(Task data Opens)

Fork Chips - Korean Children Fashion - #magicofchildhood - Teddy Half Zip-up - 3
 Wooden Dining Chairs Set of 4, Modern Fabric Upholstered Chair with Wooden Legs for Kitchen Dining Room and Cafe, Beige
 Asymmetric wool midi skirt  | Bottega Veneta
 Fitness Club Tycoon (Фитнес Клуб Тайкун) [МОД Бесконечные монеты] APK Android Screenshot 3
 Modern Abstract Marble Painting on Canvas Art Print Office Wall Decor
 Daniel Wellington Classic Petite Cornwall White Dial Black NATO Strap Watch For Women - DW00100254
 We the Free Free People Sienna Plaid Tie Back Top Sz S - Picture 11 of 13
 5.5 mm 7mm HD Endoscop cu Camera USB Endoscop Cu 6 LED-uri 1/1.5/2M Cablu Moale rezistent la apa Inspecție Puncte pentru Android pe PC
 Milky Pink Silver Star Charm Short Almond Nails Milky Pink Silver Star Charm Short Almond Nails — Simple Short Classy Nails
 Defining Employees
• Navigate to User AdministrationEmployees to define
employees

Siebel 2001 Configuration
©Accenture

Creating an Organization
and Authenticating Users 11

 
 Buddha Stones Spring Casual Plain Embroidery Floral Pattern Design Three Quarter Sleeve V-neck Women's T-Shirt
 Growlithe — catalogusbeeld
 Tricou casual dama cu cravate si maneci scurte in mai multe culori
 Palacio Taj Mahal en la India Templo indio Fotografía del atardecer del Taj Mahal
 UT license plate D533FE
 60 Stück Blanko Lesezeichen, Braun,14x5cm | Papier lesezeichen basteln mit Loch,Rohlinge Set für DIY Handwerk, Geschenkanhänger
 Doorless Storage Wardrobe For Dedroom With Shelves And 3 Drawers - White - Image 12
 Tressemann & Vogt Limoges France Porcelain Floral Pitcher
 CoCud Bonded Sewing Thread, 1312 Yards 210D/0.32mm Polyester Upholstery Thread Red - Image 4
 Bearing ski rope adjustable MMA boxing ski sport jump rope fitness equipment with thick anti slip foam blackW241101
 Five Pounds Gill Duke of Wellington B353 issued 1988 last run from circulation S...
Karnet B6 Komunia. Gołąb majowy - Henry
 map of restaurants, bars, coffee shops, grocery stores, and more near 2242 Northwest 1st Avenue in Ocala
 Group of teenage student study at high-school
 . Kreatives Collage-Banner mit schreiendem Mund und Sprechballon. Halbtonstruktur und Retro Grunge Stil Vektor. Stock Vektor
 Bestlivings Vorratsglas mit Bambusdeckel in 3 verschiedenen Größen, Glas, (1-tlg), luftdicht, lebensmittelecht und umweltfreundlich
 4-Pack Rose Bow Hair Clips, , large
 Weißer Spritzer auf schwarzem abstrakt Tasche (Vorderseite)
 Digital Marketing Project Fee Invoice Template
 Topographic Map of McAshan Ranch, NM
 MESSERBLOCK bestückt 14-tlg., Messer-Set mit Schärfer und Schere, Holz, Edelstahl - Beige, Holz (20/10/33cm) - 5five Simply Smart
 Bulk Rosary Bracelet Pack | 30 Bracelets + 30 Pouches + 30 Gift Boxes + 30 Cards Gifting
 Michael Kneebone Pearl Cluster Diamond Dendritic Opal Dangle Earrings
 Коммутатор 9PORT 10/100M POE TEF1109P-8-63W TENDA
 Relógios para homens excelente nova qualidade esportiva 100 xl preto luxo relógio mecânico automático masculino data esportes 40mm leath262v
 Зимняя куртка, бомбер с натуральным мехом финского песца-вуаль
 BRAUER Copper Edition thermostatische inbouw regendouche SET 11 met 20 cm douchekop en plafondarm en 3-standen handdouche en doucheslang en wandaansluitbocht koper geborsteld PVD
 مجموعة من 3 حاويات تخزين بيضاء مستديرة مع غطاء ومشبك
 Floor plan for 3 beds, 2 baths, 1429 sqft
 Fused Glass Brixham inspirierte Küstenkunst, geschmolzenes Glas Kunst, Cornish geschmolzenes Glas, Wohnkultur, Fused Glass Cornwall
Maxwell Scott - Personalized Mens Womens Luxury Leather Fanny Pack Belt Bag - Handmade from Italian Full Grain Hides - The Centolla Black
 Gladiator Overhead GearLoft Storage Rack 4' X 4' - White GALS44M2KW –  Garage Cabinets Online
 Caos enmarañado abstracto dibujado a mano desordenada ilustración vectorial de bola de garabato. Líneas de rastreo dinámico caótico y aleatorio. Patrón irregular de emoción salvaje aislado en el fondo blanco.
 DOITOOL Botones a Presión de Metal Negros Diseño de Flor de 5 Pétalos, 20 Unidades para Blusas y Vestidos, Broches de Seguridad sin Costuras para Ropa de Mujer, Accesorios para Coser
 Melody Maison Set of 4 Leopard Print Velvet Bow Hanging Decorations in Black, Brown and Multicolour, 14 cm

(Task data Closes)

*What this task involves:* Transcribe the entire listing above exactly as written.

*Response:*
Fork Chips - Korean Children Fashion - #magicofchildhood - Teddy Half Zip-up - 3
 Wooden Dining Chairs Set of 4, Modern Fabric Upholstered Chair with Wooden Legs for Kitchen Dining Room and Cafe, Beige
 Asymmetric wool midi skirt  | Bottega Veneta
 Fitness Club Tycoon (Фитнес Клуб Тайкун) [МОД Бесконечные монеты] APK Android Screenshot 3
 Modern Abstract Marble Painting on Canvas Art Print Office Wall Decor
 Daniel Wellington Classic Petite Cornwall White Dial Black NATO Strap Watch For Women - DW00100254
 We the Free Free People Sienna Plaid Tie Back Top Sz S - Picture 11 of 13
 5.5 mm 7mm HD Endoscop cu Camera USB Endoscop Cu 6 LED-uri 1/1.5/2M Cablu Moale rezistent la apa Inspecție Puncte pentru Android pe PC
 Milky Pink Silver Star Charm Short Almond Nails Milky Pink Silver Star Charm Short Almond Nails — Simple Short Classy Nails
 Defining Employees
• Navigate to User AdministrationEmployees to define
employees

Siebel 2001 Configuration
©Accenture

Creating an Organization
and Authenticating Users 11

 
 Buddha Stones Spring Casual Plain Embroidery Floral Pattern Design Three Quarter Sleeve V-neck Women's T-Shirt
 Growlithe — catalogusbeeld
 Tricou casual dama cu cravate si maneci scurte in mai multe culori
 Palacio Taj Mahal en la India Templo indio Fotografía del atardecer del Taj Mahal
 UT license plate D533FE
 60 Stück Blanko Lesezeichen, Braun,14x5cm | Papier lesezeichen basteln mit Loch,Rohlinge Set für DIY Handwerk, Geschenkanhänger
 Doorless Storage Wardrobe For Dedroom With Shelves And 3 Drawers - White - Image 12
 Tressemann & Vogt Limoges France Porcelain Floral Pitcher
 CoCud Bonded Sewing Thread, 1312 Yards 210D/0.32mm Polyester Upholstery Thread Red - Image 4
 Bearing ski rope adjustable MMA boxing ski sport jump rope fitness equipment with thick anti slip foam blackW241101
 Five Pounds Gill Duke of Wellington B353 issued 1988 last run from circulation S...
Karnet B6 Komunia. Gołąb majowy - Henry
 map of restaurants, bars, coffee shops, grocery stores, and more near 2242 Northwest 1st Avenue in Ocala
 Group of teenage student study at high-school
 . Kreatives Collage-Banner mit schreiendem Mund und Sprechballon. Halbtonstruktur und Retro Grunge Stil Vektor. Stock Vektor
 Bestlivings Vorratsglas mit Bambusdeckel in 3 verschiedenen Größen, Glas, (1-tlg), luftdicht, lebensmittelecht und umweltfreundlich
 4-Pack Rose Bow Hair Clips, , large
 Weißer Spritzer auf schwarzem abstrakt Tasche (Vorderseite)
 Digital Marketing Project Fee Invoice Template
 Topographic Map of McAshan Ranch, NM
 MESSERBLOCK bestückt 14-tlg., Messer-Set mit Schärfer und Schere, Holz, Edelstahl - Beige, Holz (20/10/33cm) - 5five Simply Smart
 Bulk Rosary Bracelet Pack | 30 Bracelets + 30 Pouches + 30 Gift Boxes + 30 Cards Gifting
 Michael Kneebone Pearl Cluster Diamond Dendritic Opal Dangle Earrings
 Коммутатор 9PORT 10/100M POE TEF1109P-8-63W TENDA
 Relógios para homens excelente nova qualidade esportiva 100 xl preto luxo relógio mecânico automático masculino data esportes 40mm leath262v
 Зимняя куртка, бомбер с натуральным мехом финского песца-вуаль
 BRAUER Copper Edition thermostatische inbouw regendouche SET 11 met 20 cm douchekop en plafondarm en 3-standen handdouche en doucheslang en wandaansluitbocht koper geborsteld PVD
 مجموعة من 3 حاويات تخزين بيضاء مستديرة مع غطاء ومشبك
 Floor plan for 3 beds, 2 baths, 1429 sqft
 Fused Glass Brixham inspirierte Küstenkunst, geschmolzenes Glas Kunst, Cornish geschmolzenes Glas, Wohnkultur, Fused Glass Cornwall
Maxwell Scott - Personalized Mens Womens Luxury Leather Fanny Pack Belt Bag - Handmade from Italian Full Grain Hides - The Centolla Black
 Gladiator Overhead GearLoft Storage Rack 4' X 4' - White GALS44M2KW –  Garage Cabinets Online
 Caos enmarañado abstracto dibujado a mano desordenada ilustración vectorial de bola de garabato. Líneas de rastreo dinámico caótico y aleatorio. Patrón irregular de emoción salvaje aislado en el fondo blanco.
 DOITOOL Botones a Presión de Metal Negros Diseño de Flor de 5 Pétalos, 20 Unidades para Blusas y Vestidos, Broches de Seguridad sin Costuras para Ropa de Mujer, Accesorios para Coser
 Melody Maison Set of 4 Leopard Print Velvet Bow Hanging Decorations in Black, Brown and Multicolour, 14 cm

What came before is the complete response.